And he’s a great first baseman.
Alfred Hitchcock was the master of mystery, suspense and horror. His iconic profile at the beginning of Alfred Hitchcock Presents, is so etched into pop culture that I recognized the image before I even knew who Al was.
Unlike many other suspense films, once you really dive into the works of Alfred Hitchcock, you realize he was less concerned about the Who and the Where, but more interested in the…
Why was released in 1958 and is a competitive roll-to-move game with set collecting and memory mechanics. The goal of each player is to collect a ghost, a weapon and a motive. The first player to do this wins.
Each player begins with a hand of 7 Why cards, which depict a variety of things.

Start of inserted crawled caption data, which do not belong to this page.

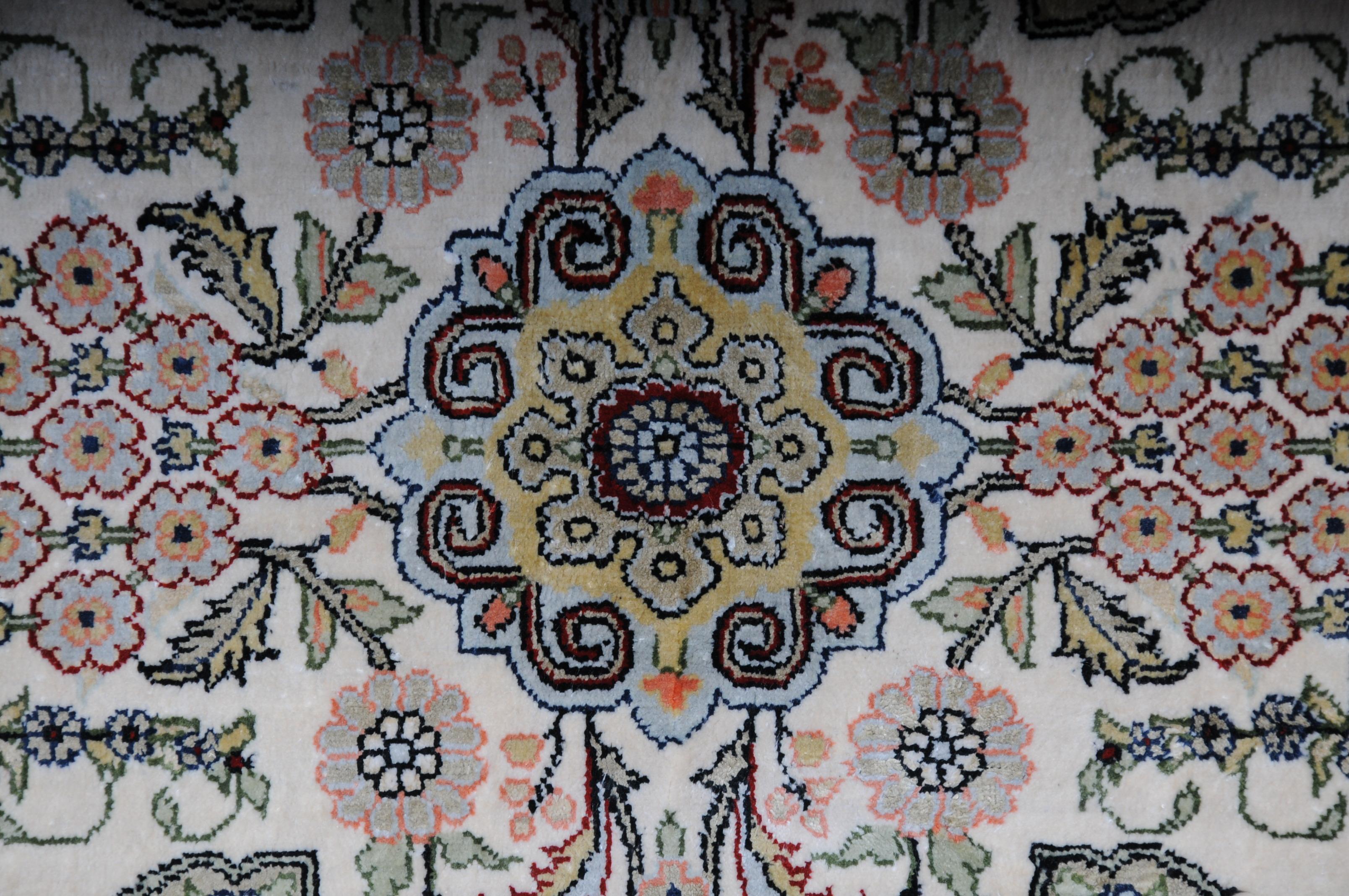 Paradise Prayer Rug, Silk End of the 20th Century For Sale 7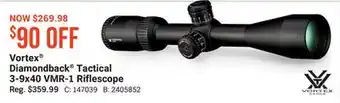Bass Pro Vortex diamondback tactical 3-9x40 vmr-1 riflescope offer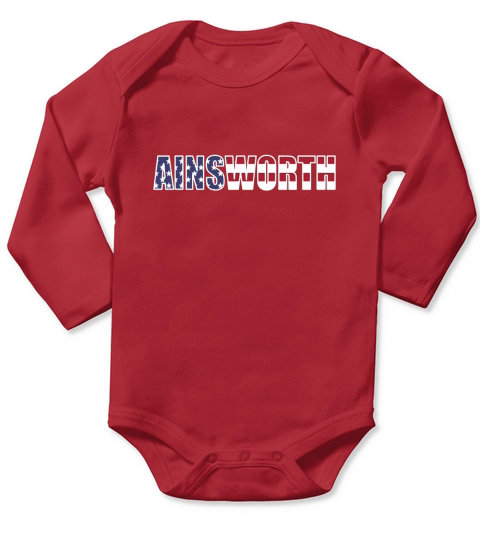 Proud American AINSWORTH Gifts Tees Hoodies Sweat Shirts Tops Long Sleeve Baby One-Piece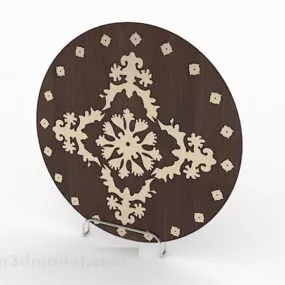 Brown Disc Life Ornament 3d model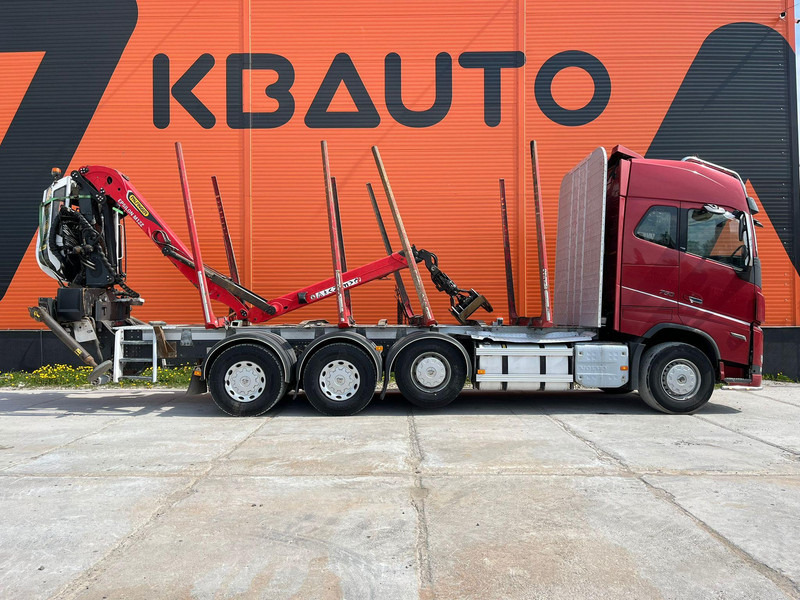 Camião de transporte de madeira, Camião grua para transporte de madeiras Volvo FH 16 750 8x4/4 DAMAGED !: foto 5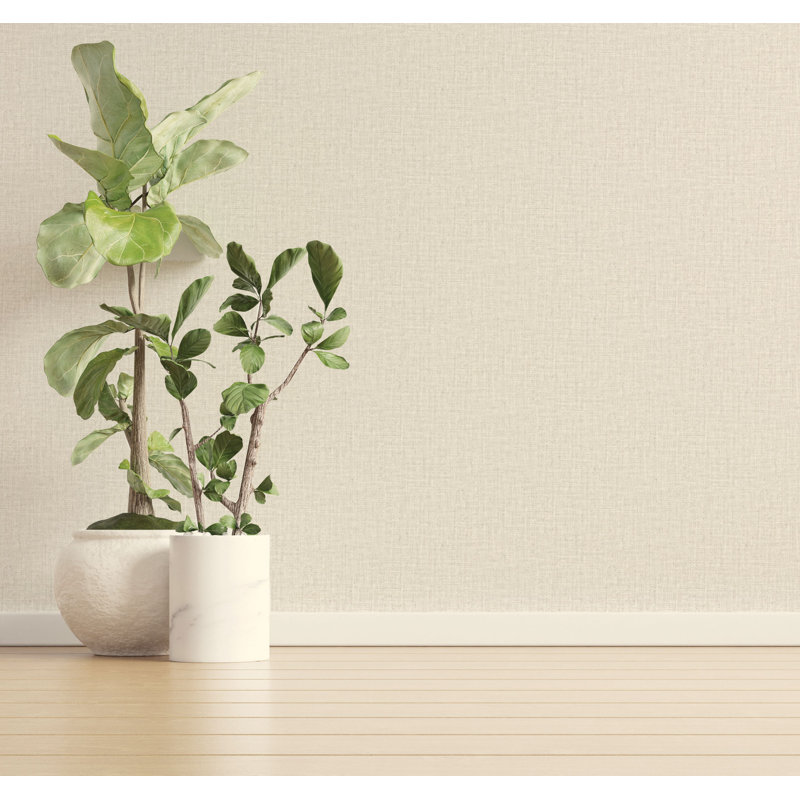 Dove   Plain Textile Effect Print Non Woven Non-pasted Textured Wallpaper 57 Sq. Ft.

During setup, the cards are set in piles around the board in the various rooms. Why uses a standard roll-to-move mechanic and entering one of these rooms allows a player to draw a card from the pile of Why cards in that room. Then, from the cards in their hand, they will choose a card they do not want, show it to all players, then place the card facedown anywhere off the board. Other players will have to remember which card that was.

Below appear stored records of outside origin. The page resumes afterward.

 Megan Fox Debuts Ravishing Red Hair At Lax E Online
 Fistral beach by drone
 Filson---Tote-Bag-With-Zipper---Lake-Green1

Anytime a player enters the Living Room, they can attempt to gather evidence from the lawn. They reveal a card from their hand and then point to a card on the lawn. If the card they point to is the same as the card they revealed, they get to gain that card. The player may continue this process for as long as they continue to guess correctly. Similarly, players who meet in the hallway go thought a Go Fish sort of routine with declaring a card to the other player, which must be handed over if held.
Players are attempting to collect cards and complete sets of a ghost and a weapon and then find a motive. Alternatively, they can find the “It’s A Mystery To Me” card and complete the Hitchcock profile set. The first player to accomplish one of these things wins!

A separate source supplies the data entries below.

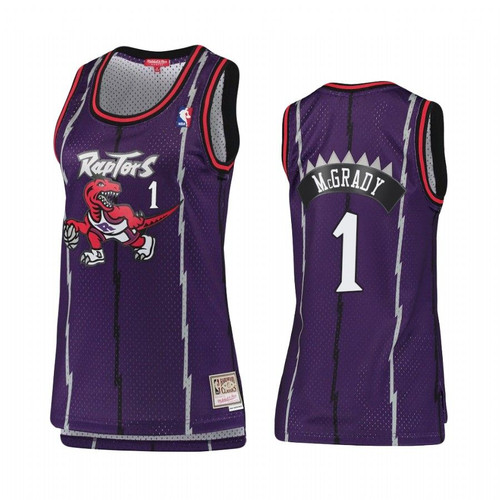 Toronto Raptors Tracy Mcgrady #1 Hardwood Classics Jersey Women'S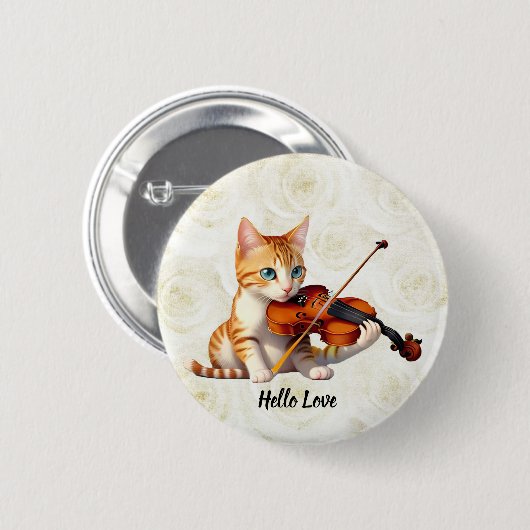 Fidel Kitty Ronde Button 5,7 Cm (Voorkant /achterkant)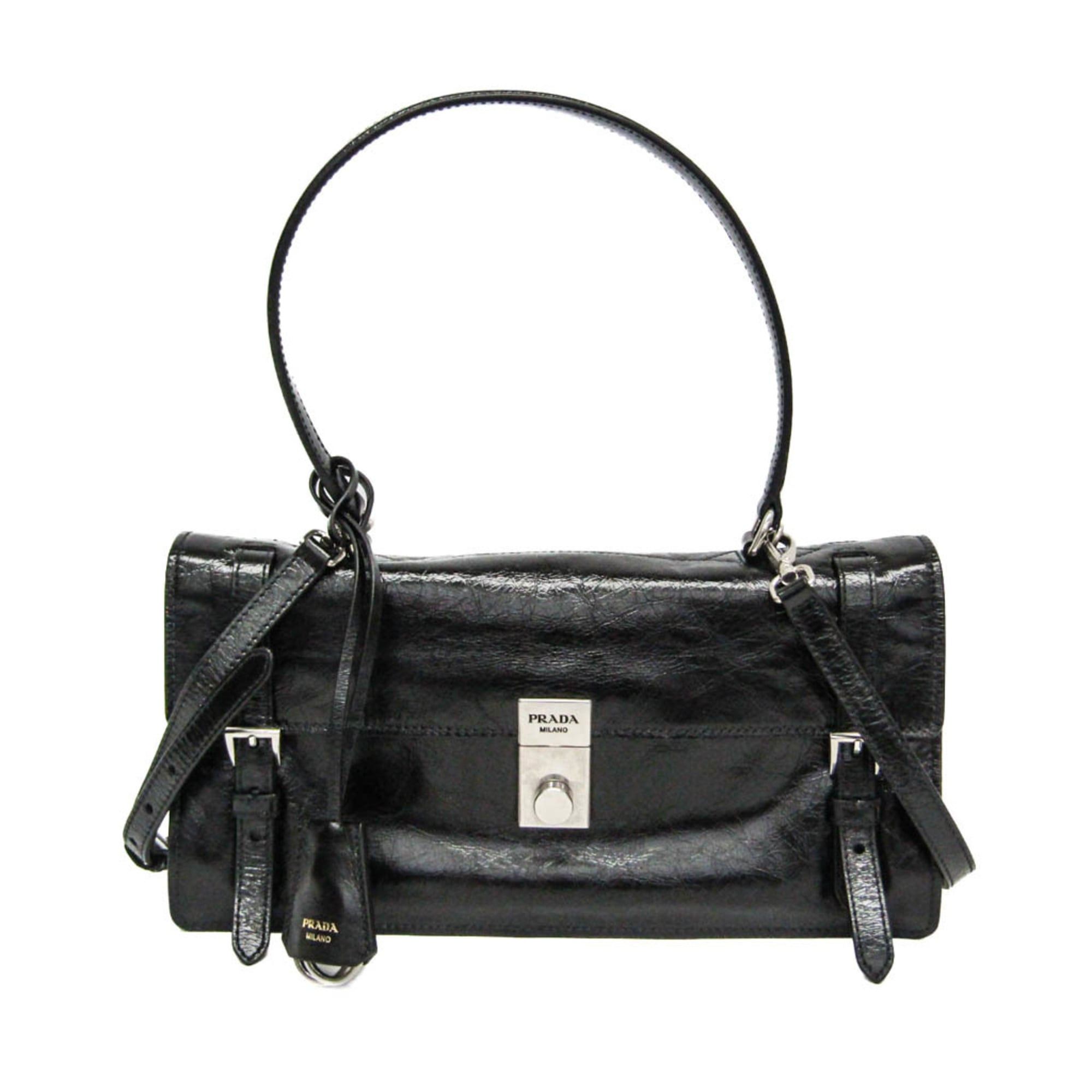 Prada Prada 1BN026 Women's Leather Handbag,Shoulder Bag Black Size ONE SIZE - 1 Thumbnail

More than anything, Why is a memory game, if that’s how the players choose to jump into it. Having dozens of cards scattered across the lawn can make for a real challenging experience. I also really like the multiple win conditions, even if they are basically the same thing. Having options is rarely a bad thing.
Overall, Why is pretty solid, especially considering it was released 60 years ago. As with many retro board games, could be a great drinking game.
Thanks for reading!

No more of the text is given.